** Provided data follows **
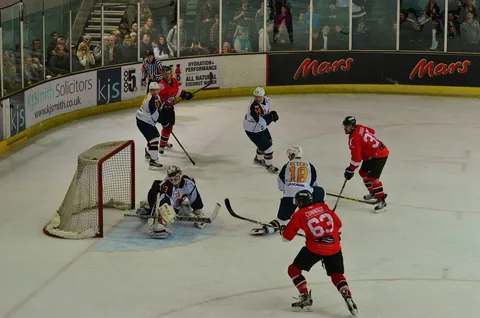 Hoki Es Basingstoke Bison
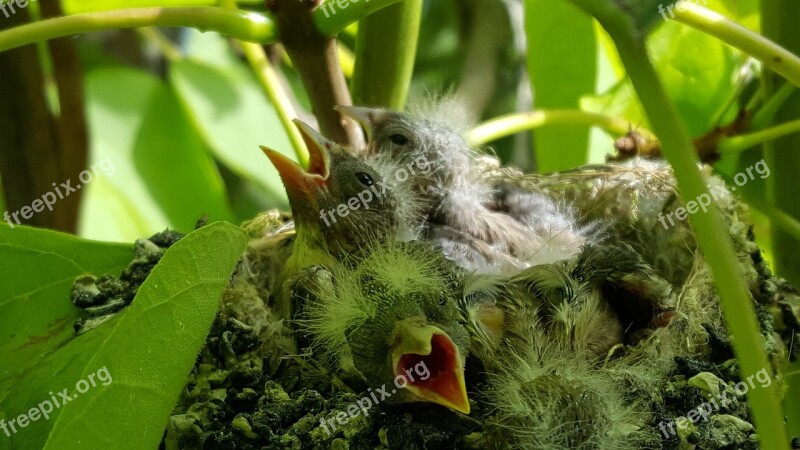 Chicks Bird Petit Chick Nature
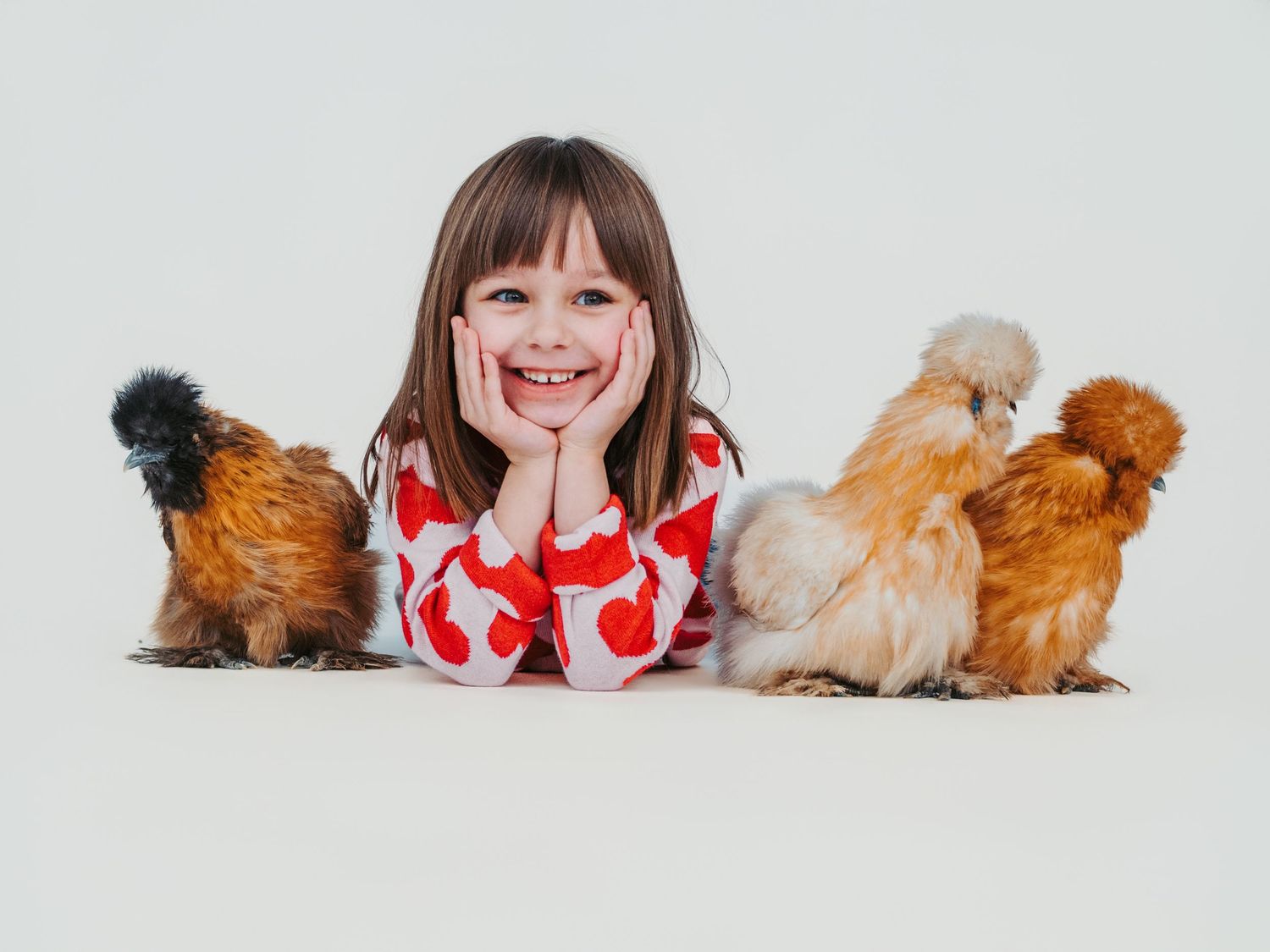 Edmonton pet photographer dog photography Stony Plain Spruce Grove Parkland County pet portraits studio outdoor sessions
** End of Provided data **
Required action
Would you transcribe the listing above line by line, exactly, leaving every picture out?

Answer to this problem
 Hoki Es Basingstoke Bison
 Chicks Bird Petit Chick Nature
 Edmonton pet photographer dog photography Stony Plain Spruce Grove Parkland County pet portraits studio outdoor sessions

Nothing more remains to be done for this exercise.